Esta columna quisiera estar ya instalada en el 23 de abril y disfrutar de lo mejor de una final (y de la vida), como es la emoción de las expectativas. Una final de Copa, a seis semanas vista, se parece mucho a la inminencia de un viaje soñado, de un gran mapa desplegado. Cada día dibujo mentalmente el desarrollo de la final, perfilándola con nuevos detalles. Un relato en el que, de momento, tengo claro solo el inicio y el desenlace. La marea naranja y el olor a pólvora durante el día en las estrechas calles del centro de Sevilla, y la carrera de Guedes por detrás de la portería norte recreando la celebración de Claudio López en el 99. Es tributo y es reparo, por el tercero del Piojo y por los dos mano a mano errados por Guedes ante Cillessen para rubricar el triunfo del 19.

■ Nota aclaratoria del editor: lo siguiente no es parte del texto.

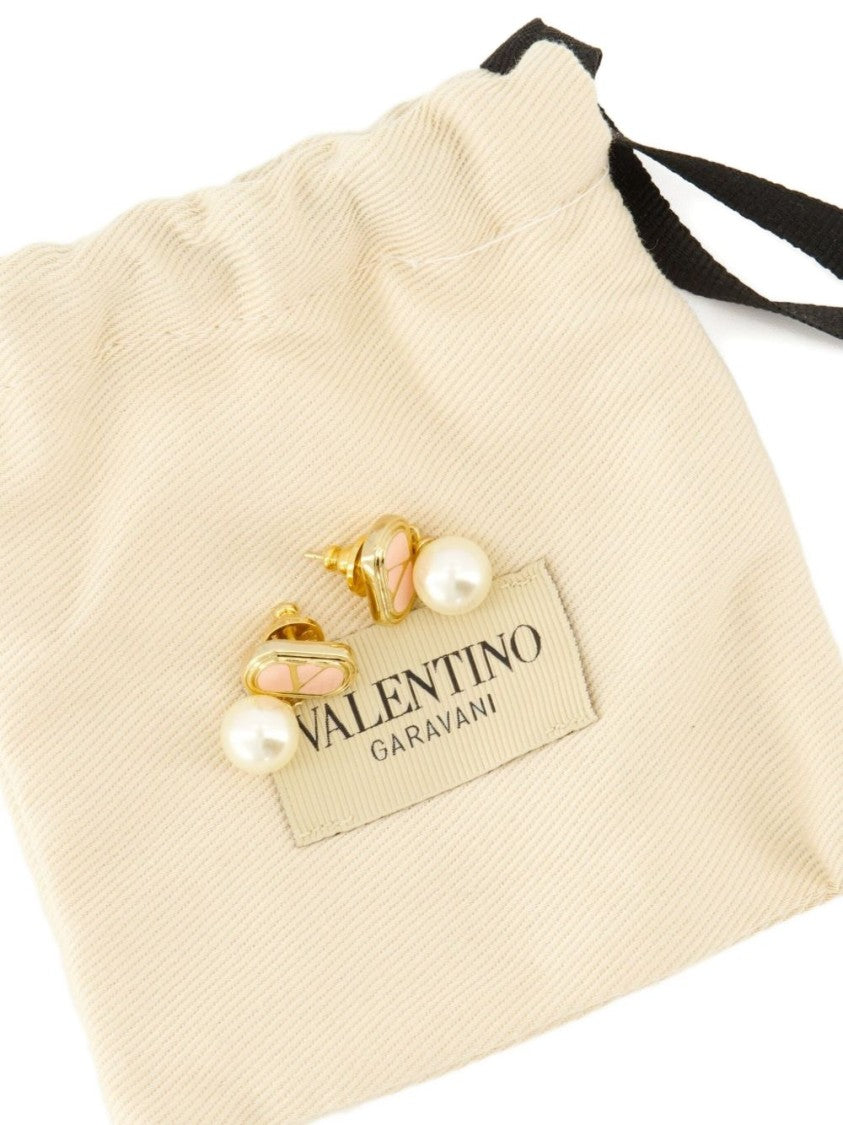 Valentino Garavani Logo And Pearl Earrings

Pero toca ocuparse de otra final, sin recuerdo ya de expectativas ni tampoco visos de acabar, toca hablar del partido más largo del mundo en el que por ahora es más fácil imaginar pidiendo un sándwich franquiciado y sobrepreciado que un gol que nos evoque a ídolos pasados. El nuevo estadio es un partido eterno que, de momento, dura quince años y de cuyo resultado va a depender el futuro del Valencia. Un proyecto de tal envergadura que también se la juega la ciudad. No solo se exhibe el estadio de un club de fútbol, sino que también se proyecta, en un nivel icónico y simbólico, la imagen del cap i casal. Con el Nou Mestalla, de alguna manera València mide también su pujanza estratégica en su relación con otras ciudades. Un nuevo estadio de mínimos no solo supondría incumplir y no respetar los compromisos firmados ante la masa social, sino también ante unas instituciones que, de derecha a izquierda, han dado al club un trato exquisito y preferencial por el calado social que representa, con un Mestalla en el que se concentran votos y pasiones de todas las comarcas.

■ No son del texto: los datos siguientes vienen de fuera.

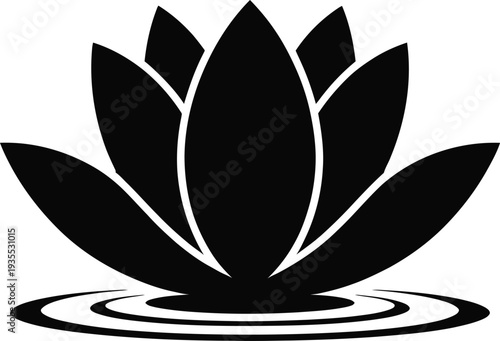 Lotus Flower Blooming On Water Surface Silhouette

En una obra así se desprende la ambición del Valencia y València, como siempre ha sucedido en la trayectoria centenaria de un club que, como toda institución hegemónica, acaba siendo una típica expresión del stablishment local y, citando a JR March, «siempre camina paralelo a los anhelos de sus patricios». El Valencia fue republicano en los años 30 o desarrollista con las grandes ferias y exportaciones naranjeras de los 60 que le llevaron a Europa. Y en el 2004 fue la imagen de la euforia de una clase dirigente y empresarial con una avidez desmedida que llevó al club a pies de Peter Lim. La respuesta al estadio que acabe levantándose definirá, sobre todo, el retrato de nuestro tiempo. Y un estadio de mínimos, que no transmita un estímulo de crecimiento, innovación y salto cualitativo hacia el futuro será el hijo de una época tanto como lo pueda ser el incremento de apartamentos turísticos en el centro expulsando al vecindario de toda una vida.

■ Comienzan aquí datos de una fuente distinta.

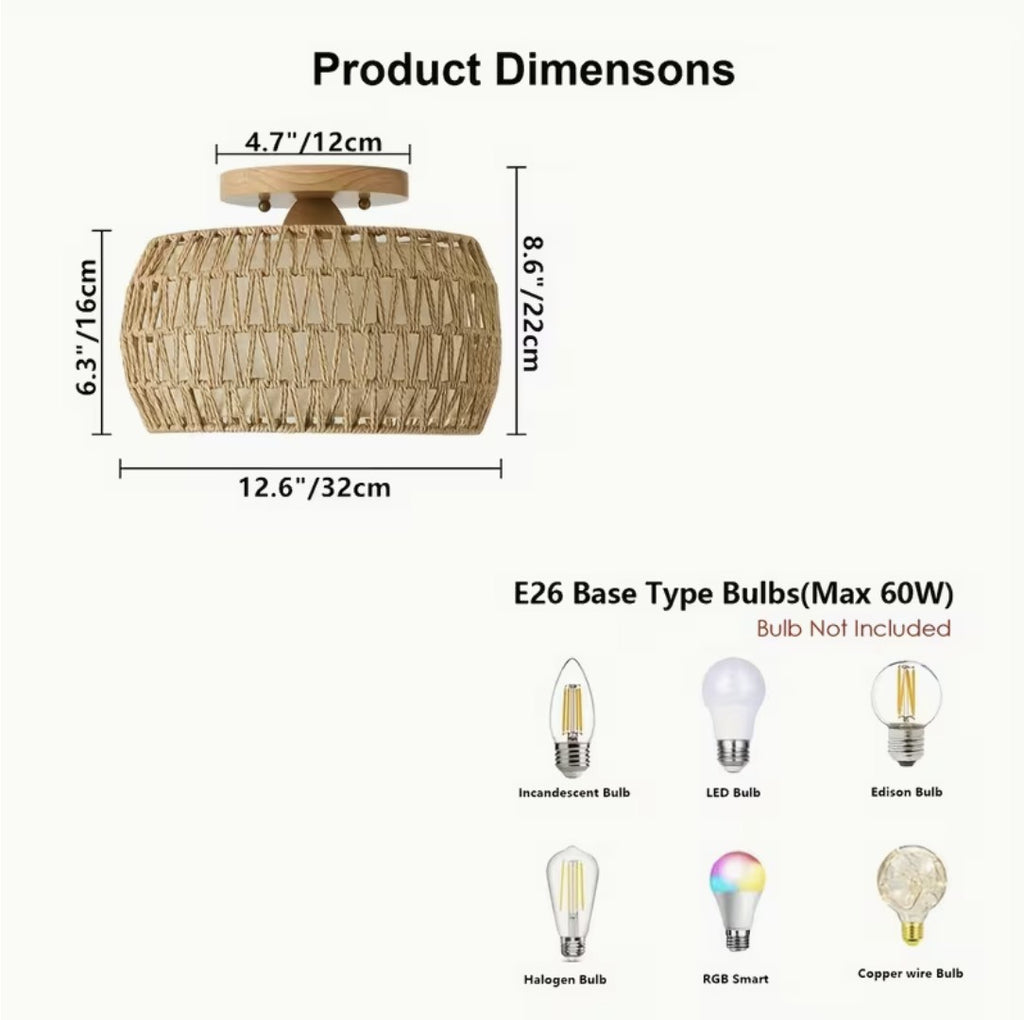 Farmhouse flush mount ceiling light dimensions, 12.6 inches wide, E26 base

Con sus asimetrías e imperfecciones arquitectónicas, un vistazo al actual Mestalla nos enseña la suma de los proyectos que se quedaron a medias, afectados ya sea por una gran riada en los 50, por errores de cálculo en los 80 y por los excesos con consecuencias judiciales en los 90. En definitiva, Mestalla es la consecuencia de un largo siglo de vida que ha medido puntualmente el músculo representativo de la ciudad. Con la diferencia sustancial entre las obligaciones hipotecarias a 15 años con las que los aficionados intentaron levantar el Gran Mestalla, y los 80 millones caídos del cielo con CVC a un Peter Lim cubriendo con lonas los asientos. Estamos en semanas cruciales, el gol al contragolpe de Guedes en la Cartuja aún queda lejano.